8. The Eagles Have Landed
#15 Coppin State 78 #2 South Carolina 65
March 14, 1997
Coach Fang Mitchell led Coppin State to a 78-75 shocker over SEC power South Carolina. How big was this upset? The Eagles became the first team from Baltimore and first Mid-Eastern Athletic Conference to win an NCAA Division I tournament game. For just the third time in NCAA Tournament history, a No. 15 seed knocked off a No. 2 seed. The Gamecocks' guard trio of Larry Davis, B.J. McKie and Melvin Watson were held to 31 points.
9. Carolina Blues
|Bob Knight coached Indiana to national titles in 1976, 1981 and 1987.|
#14 Weber State 76 #3 North Carolina 74
March 11, 1999
North Carolina always advances to the Sweet 16 -- the Tar Heels had not lost an opening game since a 72-68 (2OT) loss to Texas A&M in 1980. Someone neglected to tell Weber State.

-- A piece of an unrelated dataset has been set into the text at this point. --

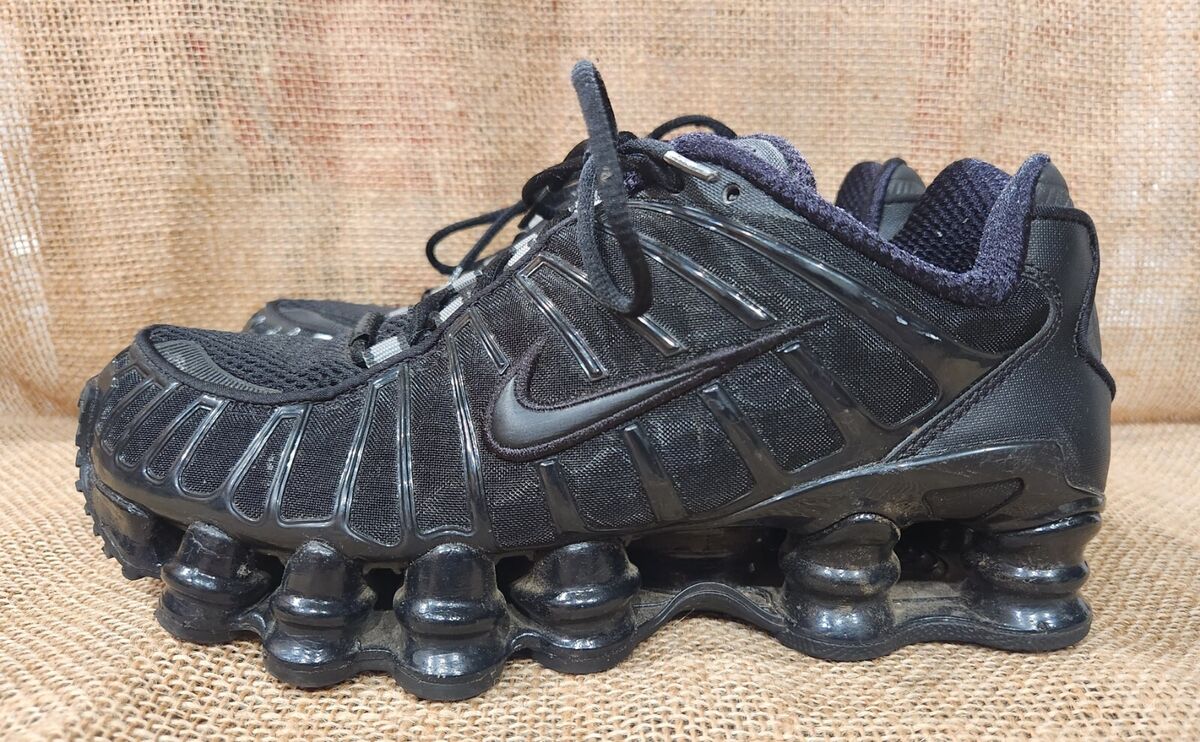 NIKE Shox BV1127-001 Triple Black Running Shoes - Size 4 NIKE Shox BV1127-001 Triple Black Running Shoes - Size 4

Harold Arceneaux capped a spectacular 36-point performance with two free throws with 13 seconds left as Weber State stunned North Carolina 76-74. The Big Sky champion Wildcats outscored the Tar Heels 9-2 to start the second half and didn't trail again. Ademola Okulaja, who scored 17 points hit his fifth three-pointer with 31.6 seconds left to bring the Heels within two, 70-68.
10. Let's Go Peay
#14 Austin Peay 68 #3 Illinois 67
March 12, 1987
The high-flying Illini, led by Kendall Gill, Nick Anderson and Ken Norman, were grounded by Austin Peay. Tony Raye hit a pair of free throws with two seconds left to lift overwhelming underdog Austin Peay to a 68-67 win over Illinois. Austin Peay coach Lake Kelly said their strategy was to "Sic 'em. If we had to play the Lakers and Celtics combined Saturday night, it wouldn't have made any difference." Darryl Bedford led Austin Peay with 24 points, 15 on 3-pointers. Norman paced the Illini with 17.